Subject: hlda command line problem
Date: Sunday 26th February 2012 17:27:02 UTC (over 5 years ago)
Hi all, I am a newbie to mallet. My ultimate goal is to use hierarchical LDA to tag incoming text and generate hierarchical topics to categorize them accordingly. While, when I try the hlda command line as the tutorial (with the sample-data "en" folder), I get the result as follow which I do not not how to interpret: [seg from hlda.out] .................................................. 850 220/13 time including years united career day century mother english dust 224/9 yard equipartition theorem average energy system london parks kinetic years 177/2 rings thylacine tasmanian ring uranus system tiger extinct moons narrow 157/5 national gunnhild norway park king sullivan gilbert standards service wilderness 117/2 zinta role hindi actress film indian grossing naa ho kehna 114/2 battle union army grant gen line position men fighting maj 102/2 hawes confederate kentucky tennessee confederates commonwealth war forces ceremony bragg 65/2 paper thomas storey east newspaper edward world newsprint layout broadsheet 105/2 sunderland test echo cricket hill south australian ended innings record [\seg] .................................................. 900 1.I think the words are the keywords there and what confuse me here is what is the numbers (220/13,177/2 etc.) represents? (There are node.totalTokens and node.customers which I do not know what are those) 2. I tried with --num-top-words 4, but it seems generate same result (with same length of keywords), if I am using a wrong parameter here? 3. How can I tell the keywords generated is corresponding to which part of input file? 4. How is the number of iteration affect the result?
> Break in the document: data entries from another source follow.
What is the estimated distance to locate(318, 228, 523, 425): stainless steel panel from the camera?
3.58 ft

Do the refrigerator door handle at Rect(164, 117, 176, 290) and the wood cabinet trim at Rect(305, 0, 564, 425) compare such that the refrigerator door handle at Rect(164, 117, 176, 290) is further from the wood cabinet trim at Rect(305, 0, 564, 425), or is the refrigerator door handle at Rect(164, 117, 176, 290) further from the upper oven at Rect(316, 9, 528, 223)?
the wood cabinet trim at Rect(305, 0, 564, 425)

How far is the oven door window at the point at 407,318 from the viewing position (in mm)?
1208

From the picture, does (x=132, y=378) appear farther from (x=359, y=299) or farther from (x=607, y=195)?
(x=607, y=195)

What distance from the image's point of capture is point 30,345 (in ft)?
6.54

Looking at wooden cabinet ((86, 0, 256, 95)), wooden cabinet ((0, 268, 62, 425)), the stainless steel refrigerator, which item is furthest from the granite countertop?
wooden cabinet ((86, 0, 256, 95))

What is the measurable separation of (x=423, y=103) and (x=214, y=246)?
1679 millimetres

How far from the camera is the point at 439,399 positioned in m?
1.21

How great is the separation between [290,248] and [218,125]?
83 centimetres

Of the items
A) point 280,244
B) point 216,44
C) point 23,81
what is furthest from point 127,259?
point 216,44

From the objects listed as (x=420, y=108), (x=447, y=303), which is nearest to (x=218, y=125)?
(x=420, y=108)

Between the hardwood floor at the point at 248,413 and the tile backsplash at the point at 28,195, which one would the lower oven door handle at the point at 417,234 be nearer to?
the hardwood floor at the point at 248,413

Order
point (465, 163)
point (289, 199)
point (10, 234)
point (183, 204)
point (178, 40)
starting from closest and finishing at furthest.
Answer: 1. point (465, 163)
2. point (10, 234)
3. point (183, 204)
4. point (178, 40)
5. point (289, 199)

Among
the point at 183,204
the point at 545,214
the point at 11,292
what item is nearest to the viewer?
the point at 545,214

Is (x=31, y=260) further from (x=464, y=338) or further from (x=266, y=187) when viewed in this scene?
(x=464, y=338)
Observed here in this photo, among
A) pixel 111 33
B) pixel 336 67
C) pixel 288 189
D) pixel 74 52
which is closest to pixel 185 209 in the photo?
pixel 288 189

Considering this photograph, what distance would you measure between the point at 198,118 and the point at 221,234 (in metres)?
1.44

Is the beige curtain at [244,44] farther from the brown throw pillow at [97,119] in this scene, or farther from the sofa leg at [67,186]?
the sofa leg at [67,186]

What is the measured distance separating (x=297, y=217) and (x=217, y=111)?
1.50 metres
Do I need only the result of last iteration (in this case 1000) or every time of it to fully interpret the result? 5. If there is a straightforward way, how can I run hlda on the incoming data directly? (I mean could you help me describe the procedure here? The input is plain text with no meaningful file name and contains different topics. Could you tell me if the following is correct : 1. Do data-import to convert it into .mallet file 2. run hlda command on it 3. How to interpret the result that segment the result to different part of topics) Thanks in advance.